• Assignment
Everything from the "Pixma MX 922" line to the final line of the listing should be written out exactly. Skip the pictures.

• Exercise data

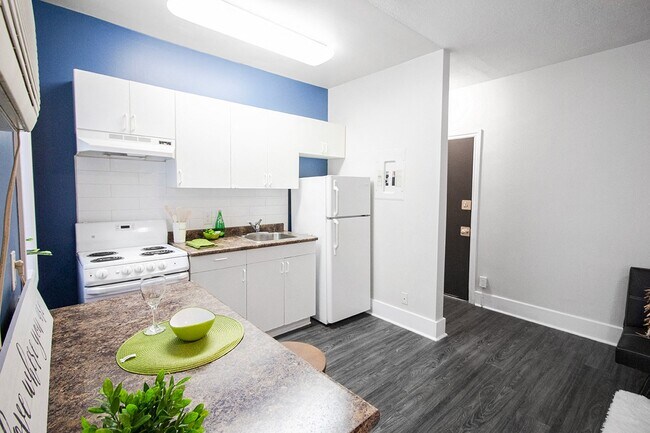 Cuisine - 391 Balmoral Apartment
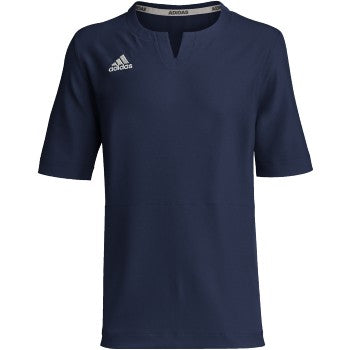 adidas Youth Icon Short Sleeve Baseball Cage Jacket adidas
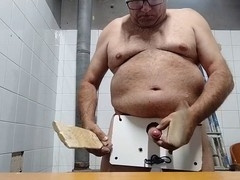 playing with my dick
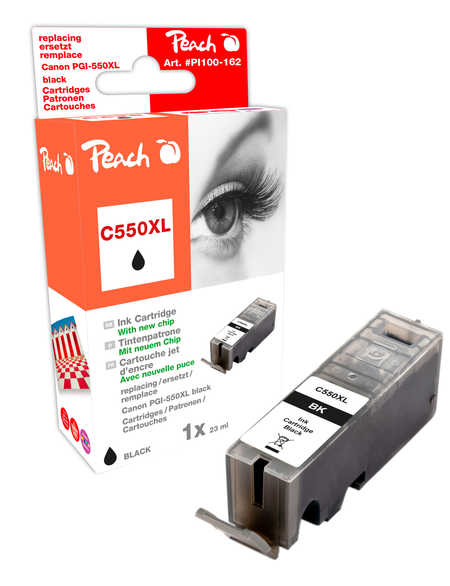 Peach  XL-Tintenpatrone schwarz kompatibel zu Canon Pixma MX 922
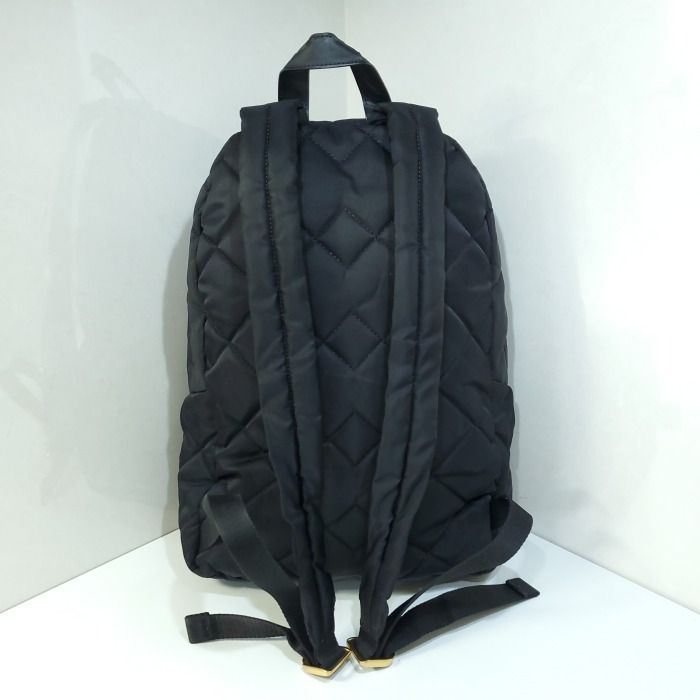 美品 MARC JACOBS マークジェイコブス キルティングリュック ネイビー マークバイマークジェイコブス Marc by Marc Jacobs ナイロン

• Worked solution
 Peach  XL-Tintenpatrone schwarz kompatibel zu Canon Pixma MX 922
 美品 MARC JACOBS マークジェイコブス キルティングリュック ネイビー マークバイマークジェイコブス Marc by Marc Jacobs ナイロン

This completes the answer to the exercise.